[WORK TASK]
Among the entries below, find the line with "Moncler Jacket Jeanbart size 2 navy blue", then quote it and each following line up to and including the line with "Adriano Celentano - Adriano Rock", and nothing else.

[GIVEN DATA]

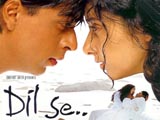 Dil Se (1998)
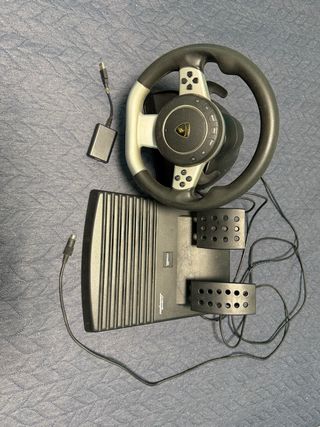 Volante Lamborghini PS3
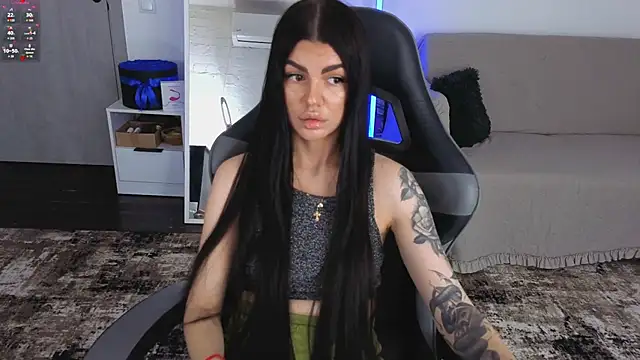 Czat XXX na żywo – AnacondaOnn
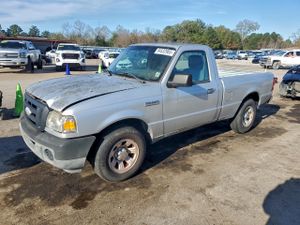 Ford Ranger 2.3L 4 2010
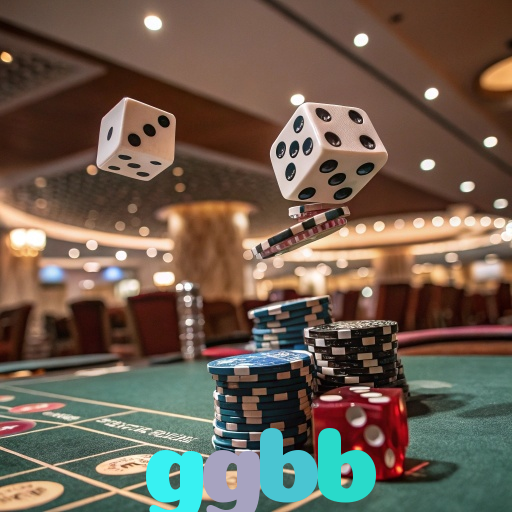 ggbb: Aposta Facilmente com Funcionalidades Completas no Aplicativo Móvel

---

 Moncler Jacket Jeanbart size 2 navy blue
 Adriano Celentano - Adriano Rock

* * *

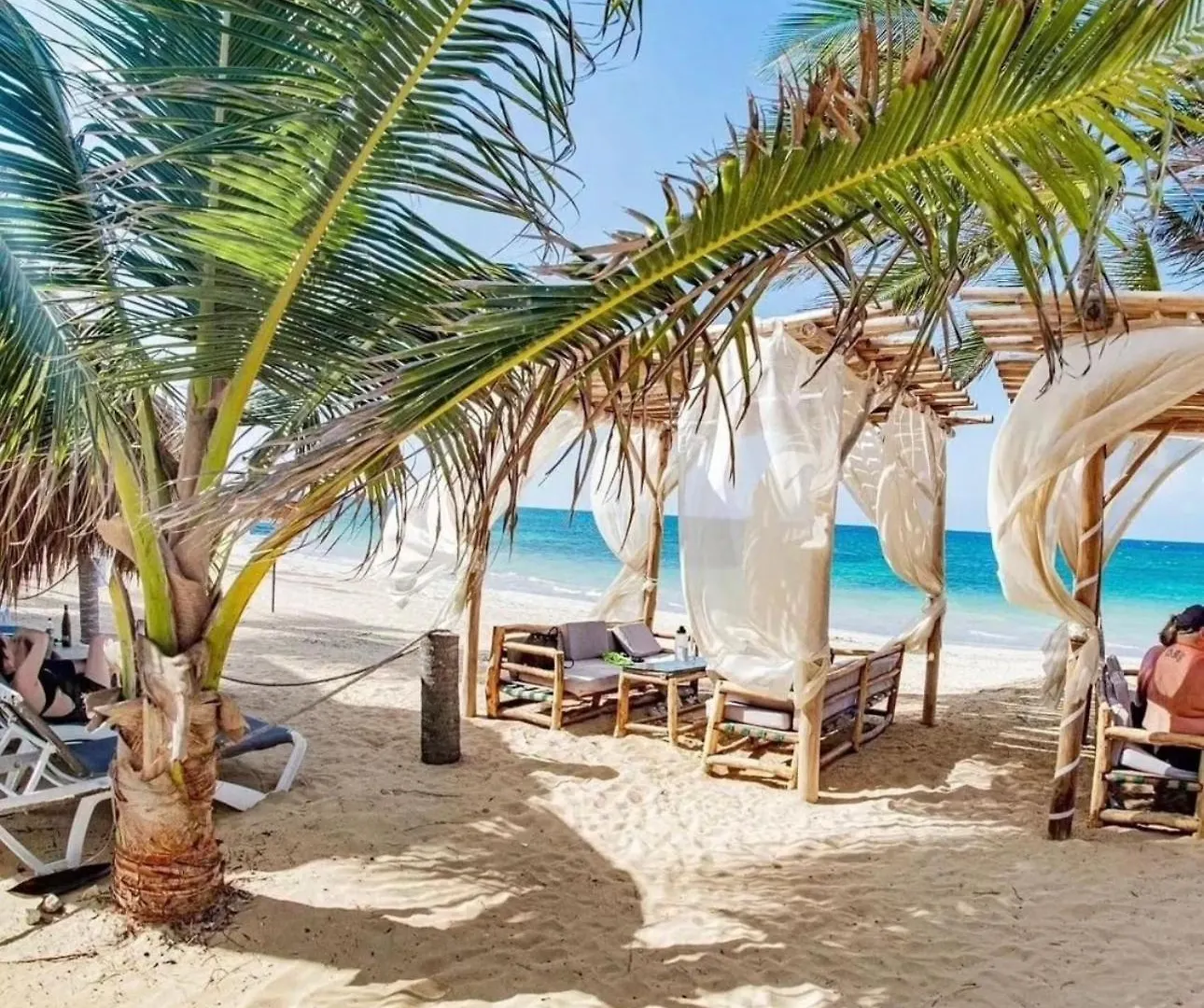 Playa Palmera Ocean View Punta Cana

[TASK SOLUTION]
 Moncler Jacket Jeanbart size 2 navy blue
 Adriano Celentano - Adriano Rock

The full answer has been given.